The Association of Banks in Lebanon: the financial recovery plan is “disastrous” and depositors will bear the losses

The Association of Lebanese Banks said on Saturday that it completely rejected the latest draft of the government’s financial recovery plan, which aims to pull the country out of an economic collapse that began in 2019.

The association described the plan as disastrous because it places a large percentage of the losses from government policies on banks and depositors.

Lebanon is going through a third year of financial collapse caused by decades of corruption and bad policies that have resulted in the currency losing more than 90% of its value and banks have prevented most savers from accessing accounts. in hard currency. A government bailout project in early questyear estimated a gap of about $ 70 billion in the financial sector.

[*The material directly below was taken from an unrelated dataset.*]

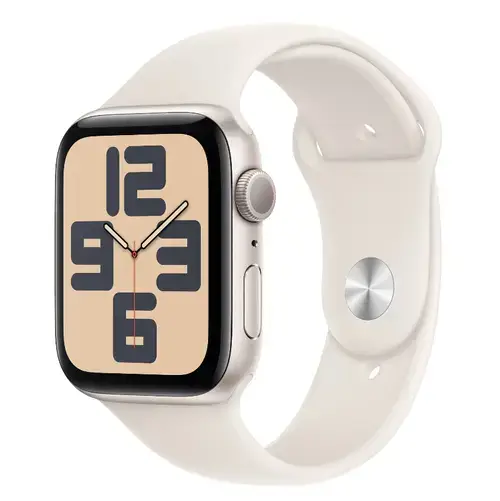 Smartwatch Apple Watch SE (2024), GPS, Carcasa Starlight Aluminium 44mm, ecran LTPO OLED, 32GB, curea silicon Starlight Sport Band - M/L (Auriu)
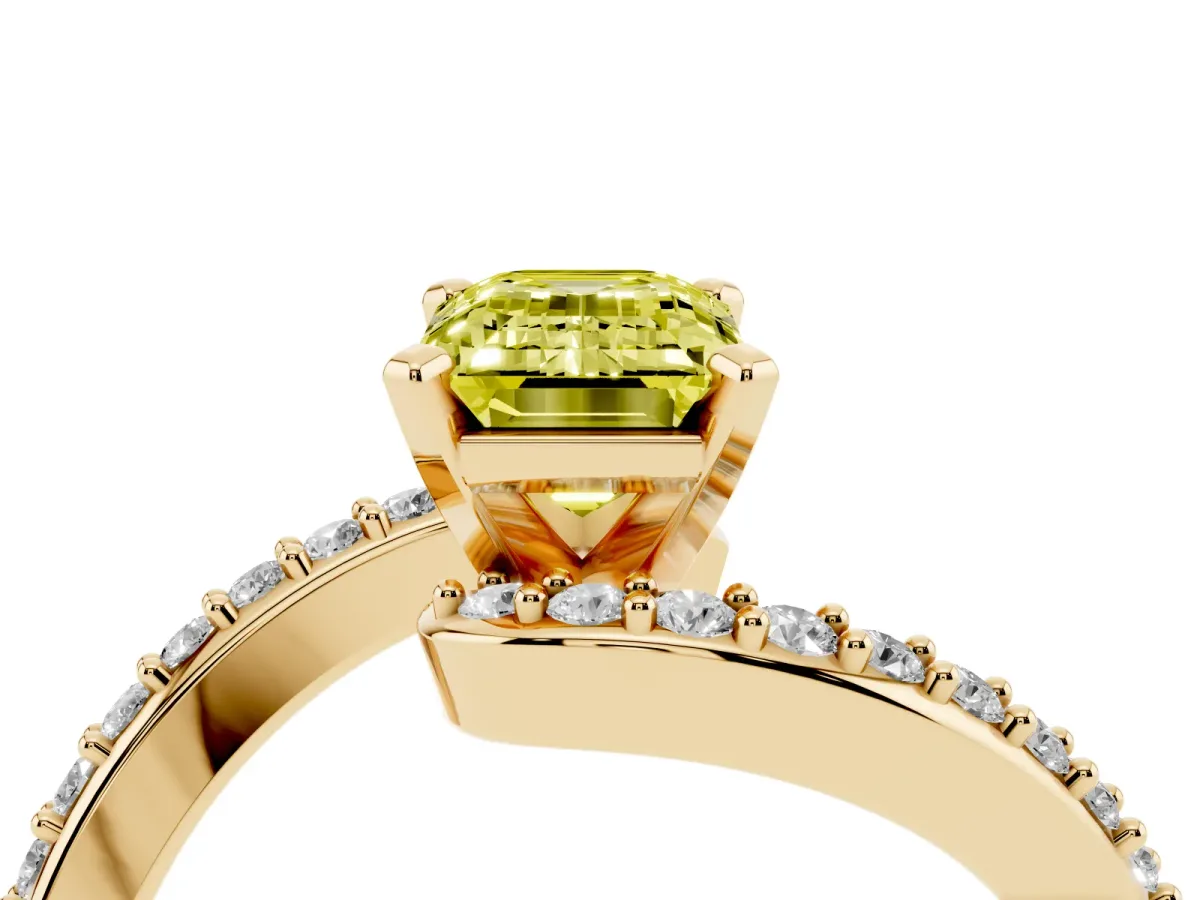 Fancy Yellow Emerald Cut Solitaire Twist Band with Pave Set Diamonds and Four-Prong Setting Yellow gold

The government estimates the losses of the financial sector in about 72 billion dollars.

The association said it had “instructed its legal advisors to study and present a series of judicial procedures to protect and collect the rights of banks and depositors.”

Lebanese banks have been a major lender to the government for decades, helping to finance a profligate and corrupt state that suffered a financial meltdown in 2019.

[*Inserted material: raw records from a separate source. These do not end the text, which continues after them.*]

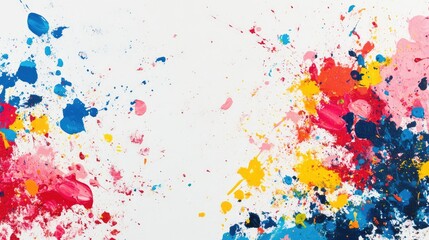 Obraz premium Random splatters of vibrant paint in primary colors over a white canvas, creating a dynamic, chaotic abstract pattern.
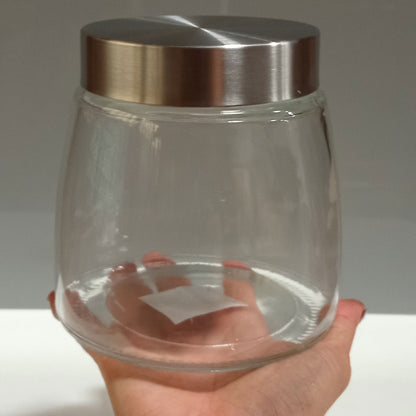 Pote de Vidro 800ml Home&Co Transparente com Tampa Hermética 12x12cm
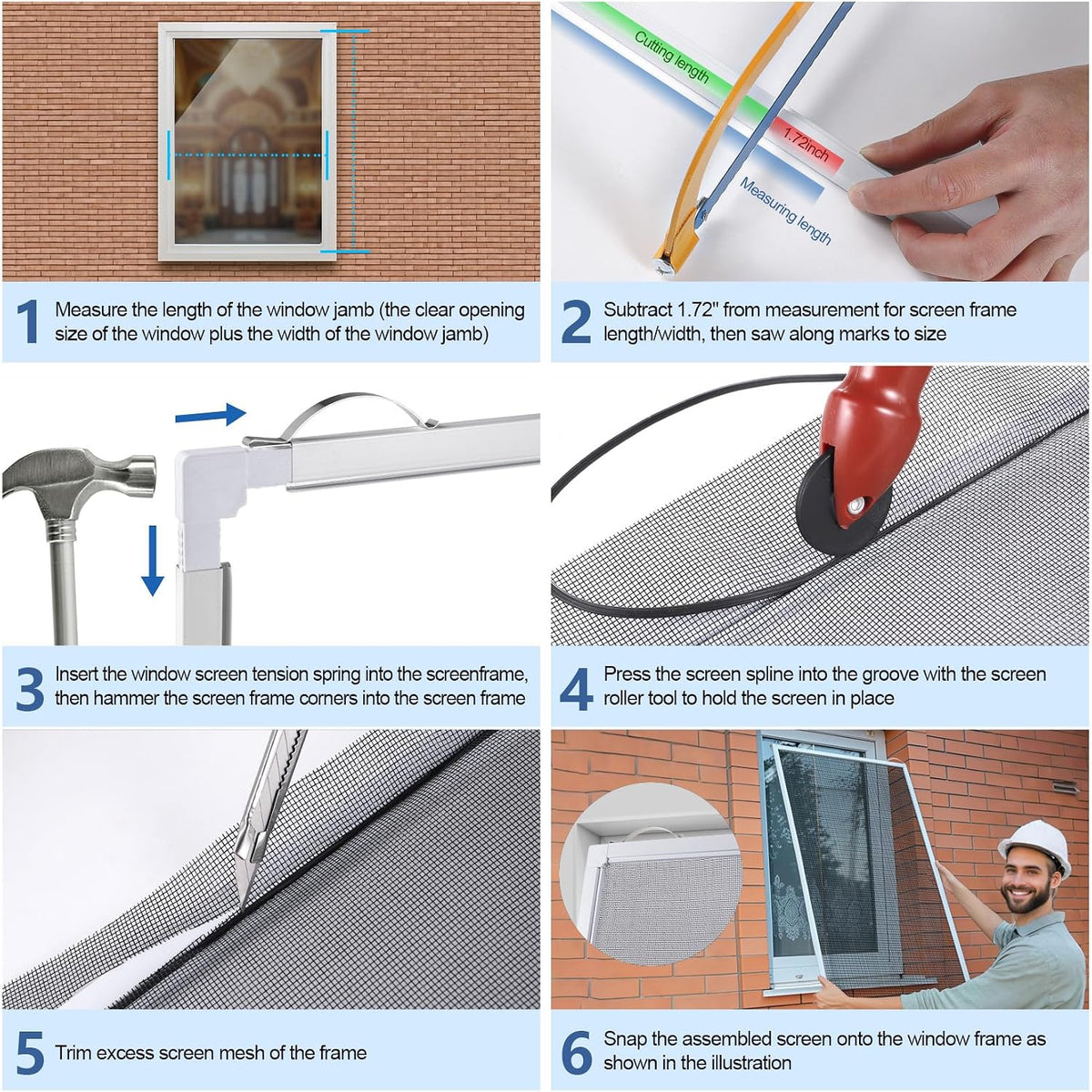 2 Sets Window Screen Frame Kit 5/16 in x 1/8 in x36inX36in Fiberglass Window Screen Replacement Kit not installed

The crash prevented depositors from accessing their savings, and the local currency lost more than 90% of its value. The Association of Lebanese Banks rejected an earlier draft of the plan in February, saying it would lead to a loss of confidence in the financial sector.

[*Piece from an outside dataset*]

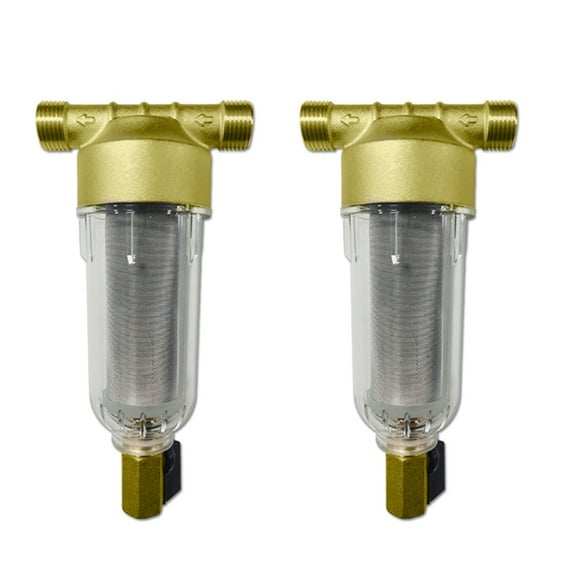 2X Down Sediment Filter Reusable Whole House Water Pre 40-60 Micrometre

Assembly approval is not required for the government to launch a plan, but experts say its support from the banking sector can help resolve the crisis.

The current draft includes a number of financial reforms, including banking sector reform and setting limits on the amount depositors can recover from their accounts.

Earlier this month, Lebanon reached an expert-level agreement with the International Monetary Fund to benefit from the Extended Fund Facility for a period of 46 months, under which Lebanon requested access to the equivalent of about 3 billion dollars.

But access to these funds is conditional on the implementation of a large number of economic reforms and the restructuring of the financial sector.